Examples 8 to 10 are examples in which the content of corundum in the brick is different, but all are within the scope of the present invention and are excellent in thermal shock resistance and creep resistance.
Examples 11 to 14 are examples in which the content of cristobalite in the brick is different, but both are within the scope of the present invention and are excellent in thermal shock resistance and creep resistance.
Examples 17 to 19 are examples containing different kinds of sillimanite group minerals, all of which are within the scope of the present invention and are excellent in thermal shock resistance and creep resistance.
Examples 20 to 22 are examples containing minerals other than sillimanite group minerals, corundum, mullite, and cristobalite, but can be used without adversely affecting thermal shock resistance and creep resistance.

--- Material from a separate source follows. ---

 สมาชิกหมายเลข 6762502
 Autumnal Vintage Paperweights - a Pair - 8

Comparative Example 1 is practically problematic because the sillimanite group mineral in the brick is below the lower limit of the present invention and the thermal shock resistance is remarkably inferior.
In Comparative Example 2, the sillimanite group mineral in the brick exceeds the upper limit of the present invention, and the strength and creep resistance are practically problematic.
In Comparative Example 3, the mullite in the brick is below the lower limit of the present invention, and the thermal shock resistance becomes a practical problem.
In Comparative Example 4, the mullite in the brick exceeds the upper limit of the present invention, and the strength characteristics are inferior.
In Comparative Example 5, the corundum in the brick exceeds the upper limit of the present invention, and the thermal shock resistance is inferior.
In Comparative Example 6, cristobalite in the brick is below the lower limit of the present invention, and the strength and thermal shock resistance are practically problematic.
In Comparative Example 7, the cristobalite in the brick exceeds the upper limit of the present invention, and the creep resistance is lowered.

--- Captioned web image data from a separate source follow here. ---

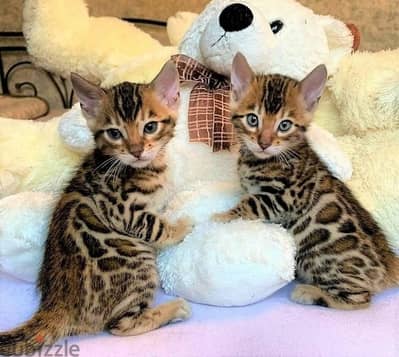 Whatsapp me +96555207281 Nice Cute Bengal kittens for sale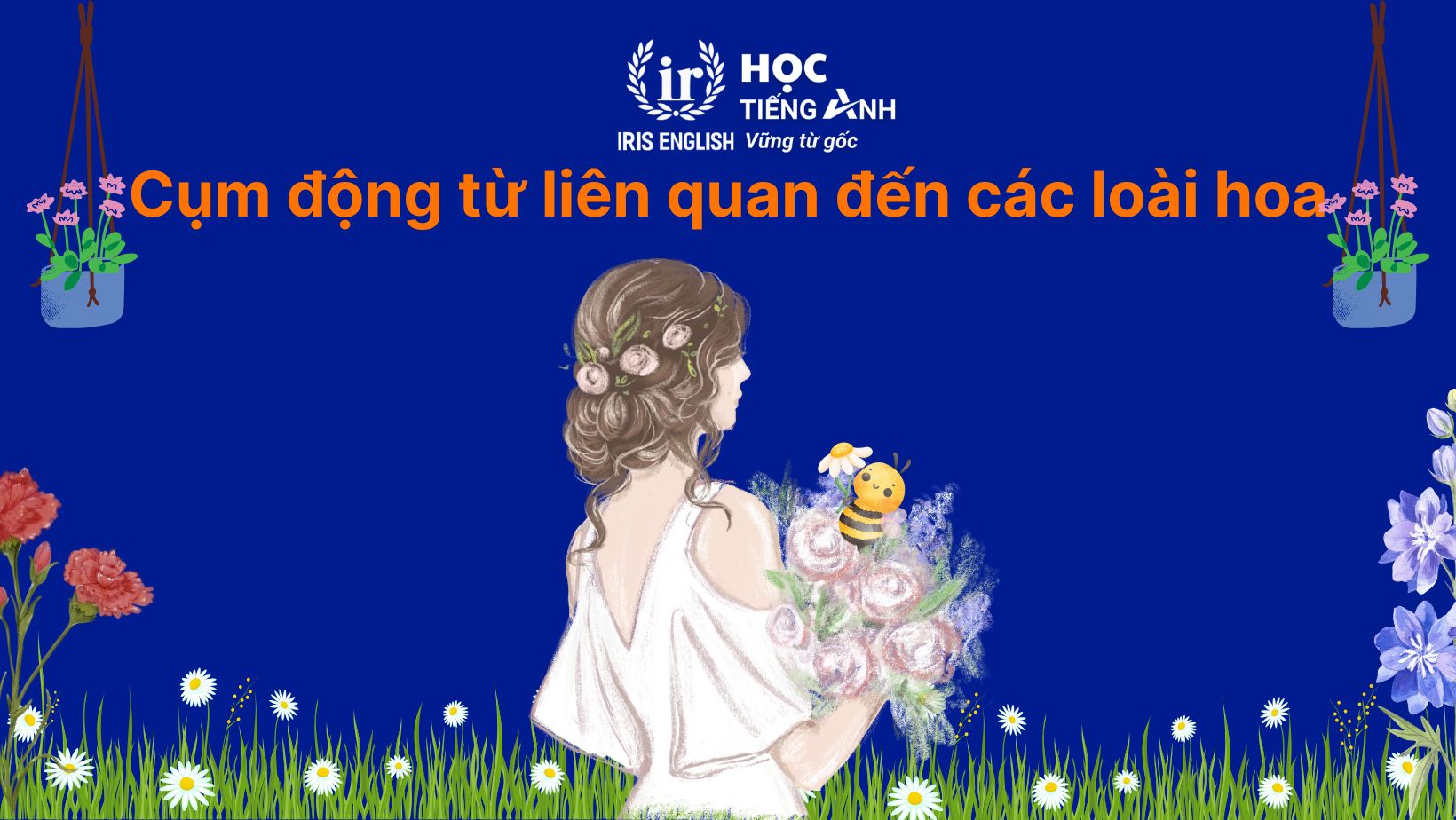 Cụm động từ liên quan đến các loài hoa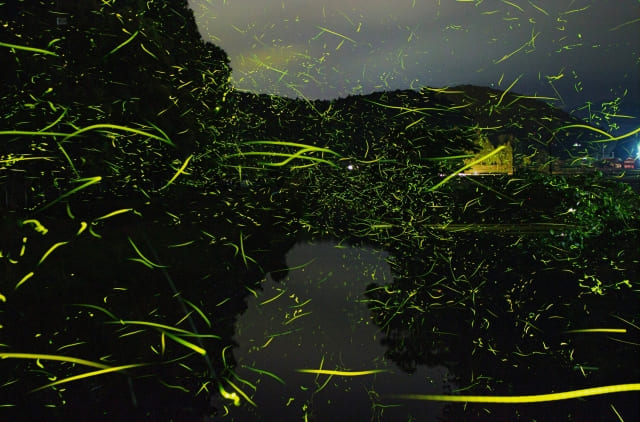 Hotaru-gari : Japanese Firefly Viewing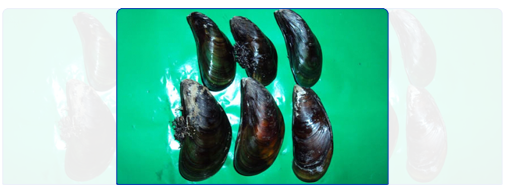 Green Mussal (Whole Round) Green Mussal (Whole Round)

  Example 15 was calcined at 1550 ° C. and Example 16 was calcined at 1600 ° C., and the remaining rates of sillimanite group minerals were 93% by mass and 92% by mass, respectively, within the scope of the present invention. Since the temperature was as high as 1680 ° C., the remaining rate of the sillimanite group mineral was 30% by mass, resulting in a decrease in thermal shock resistance.

  As a result of using the brick of Example 1 of the present invention as the lining brick of the hot air main opening of the hot stove, there is no problem such as falling off or damage of the brick, and it is operating smoothly.

Claims (4)

In the mineral composition that constitutes bricks,
As a sillimanite group mineral, one or more of andalusite, kayanite, and sillimanite are 20% by mass or more and 62% by mass or less,
20% to 50% by weight of mullite,
3 to 15% by weight of cristobalite,
And 29% by mass or less of corundum (including 0)
Alumina-silica brick containing 90% by mass or more in total.   The alumina-silica brick according to claim 1, wherein the matrix part contains mullite and cristobalite as main components.   The alumina-silica brick according to claim 1 or 2, wherein a gap is provided between the silimanite group mineral and the matrix portion.   The alumina-silica-based brick according to claim 1, claim 2, or claim 3, wherein the alumina-silica brick is used for a hot air main opening of a hot air furnace.